In what has to be one of the more unusual pieces by the liberal media sounding the alarm on global warming, a piece in Thursday’s New York Times complained about the inability of wealthy (liberal) New Yorkers to wear their lucrative fall clothing due to stretches of warm temperatures in the Empire State.
Profiling a plethora of New Yorkers stricken with this predicament, reporter Miranda Purves explained that “[f]all has long been New York’s proudest season” in terms of fashion but have suffered:
But this has been the warmest fall quarter in 25 years. And while many people are concerned with global catastrophe — contemplating harrowing images of Greenland melting away and scorched earth in Los Angeles — others are just spinning wildly, like the confused leaves, to figure out what autumn in New York means for their wardrobes.

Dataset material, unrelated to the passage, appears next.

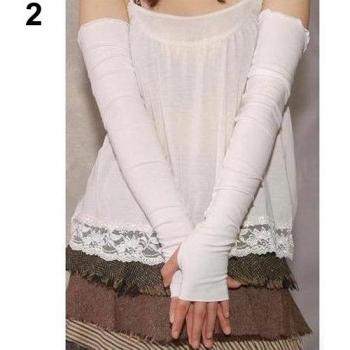 Fingerlose Armstulpen aus Baumwolle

Purves also spoke with owners of high-end stores who have resorted to altering their orders and inventory as a result of the climate change:
The woolen mittens memorialized by Oscar Hammerstein may be languishing on store shelves, but “we sold over 80 units of Dior sunglasses alone in October,” said Elizabeth von der Goltz, a senior vice president and general merchandise manager at Bergdorf Goodman. She herself bought a heavy Burberry cape and hasn’t had call to bust it out since Paris Fashion Week in September.
Although Ms. von der Goltz still sees those traditional “upper tier” department store customers who buy their full fall wardrobes in May, and the second tier of wealthy but busy professionals who do a one-stop for their full fall in September, she said there had been a major shift to “a buy now, wear now” model with “special” replacing “seasonal.”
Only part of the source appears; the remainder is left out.